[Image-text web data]
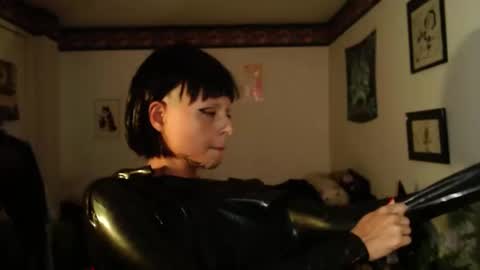 Snapshot of missanarky chatting on 02.11.25 Anarkitten online show from 02.11.25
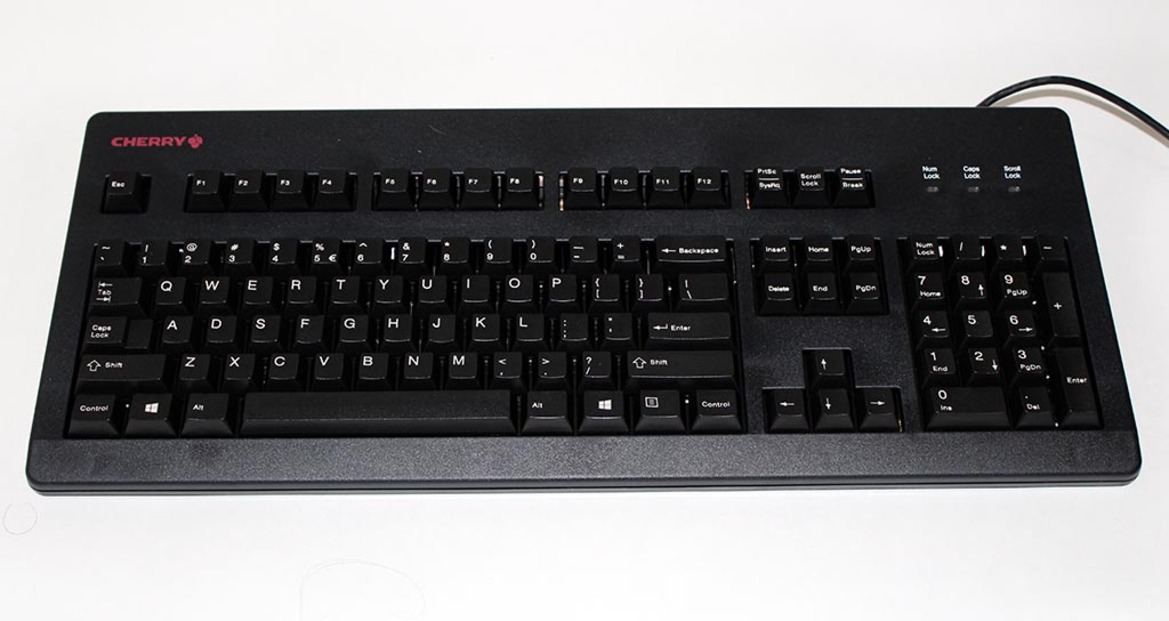 5-Way Mechanical Keyboard Roundup: Top Decks For Gamers And Enthusiasts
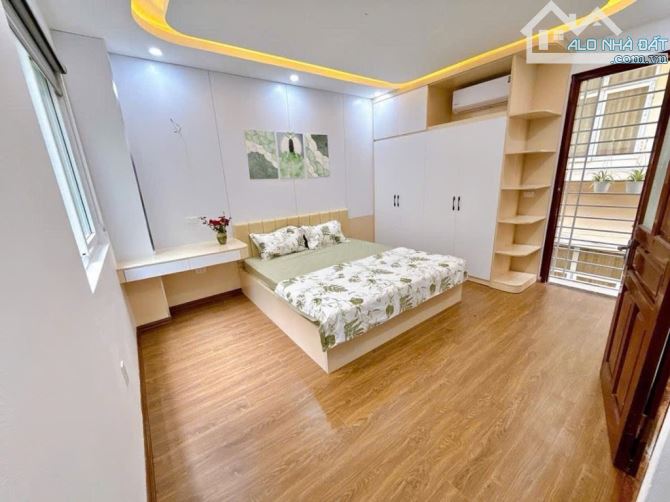 THÁI THỊNH – TÂY SƠN - 55M2 – 5 TẦNG – 5 NGỦ - NGÕ NÔNG – VF 3 VÀO NHÀ – 11 TỶ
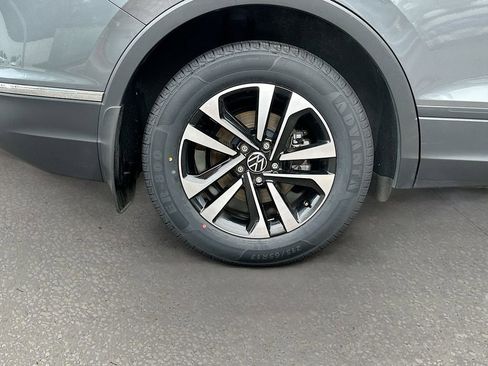 Used 2023 Volkswagen Tiguan S FWD image 30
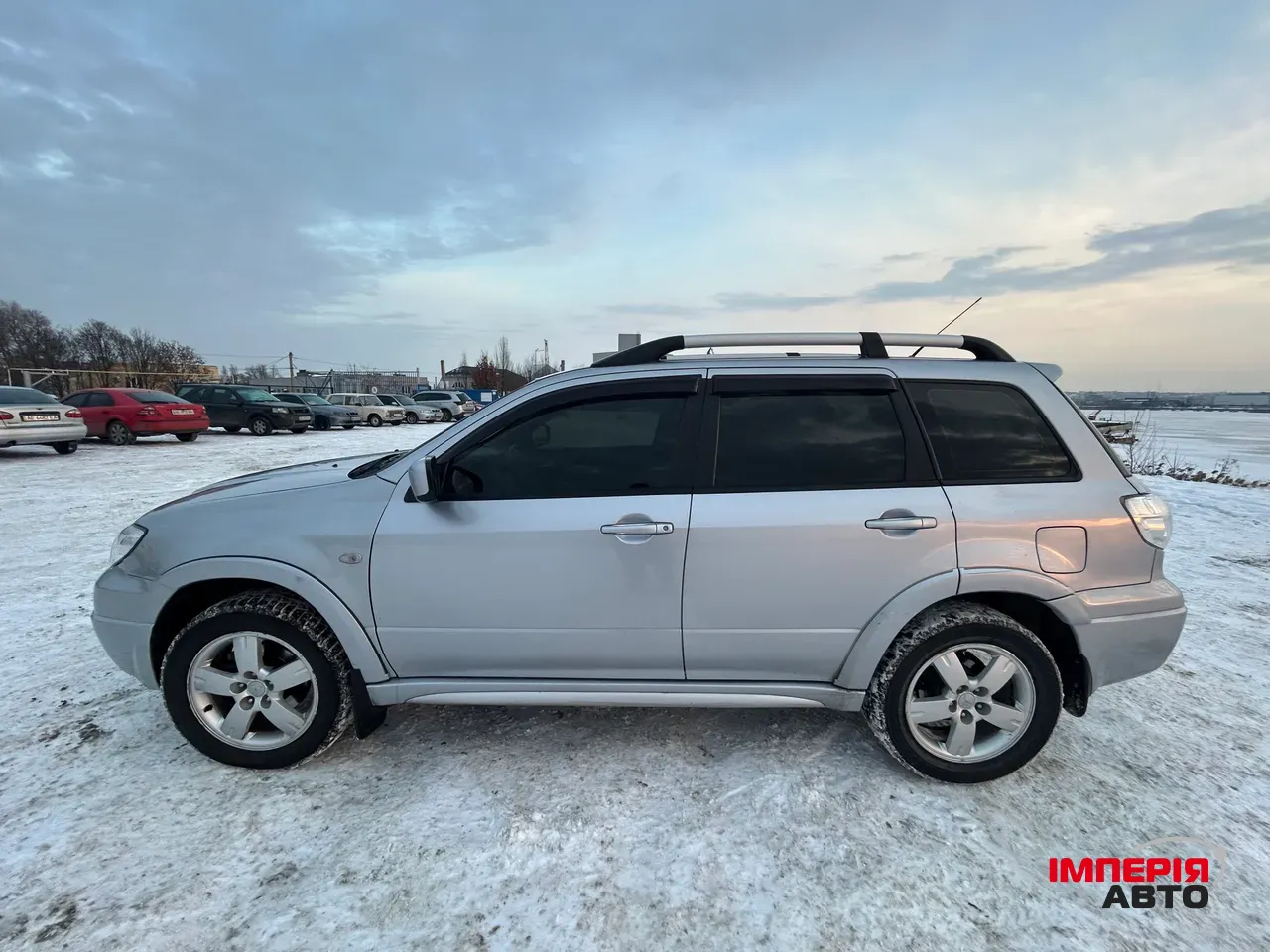 Mitsubishi Outlander - фото 3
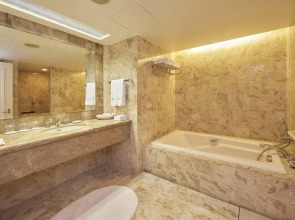 Отель Okura Tokyo Bay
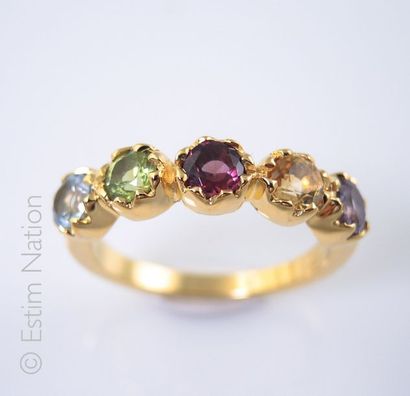 Bague en argent doré (925/°°) rehaussé de...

* [Task to complete]
Give the data back exactly, omitting all pictures.

* [Finished task]
 Snapshot of missanarky chatting on 02.11.25 Anarkitten online show from 02.11.25
 5-Way Mechanical Keyboard Roundup: Top Decks For Gamers And Enthusiasts
 THÁI THỊNH – TÂY SƠN - 55M2 – 5 TẦNG – 5 NGỦ - NGÕ NÔNG – VF 3 VÀO NHÀ – 11 TỶ
 Used 2023 Volkswagen Tiguan S FWD image 30
 Mitsubishi Outlander - фото 3
 Отель Okura Tokyo Bay
 Bague en argent doré (925/°°) rehaussé de...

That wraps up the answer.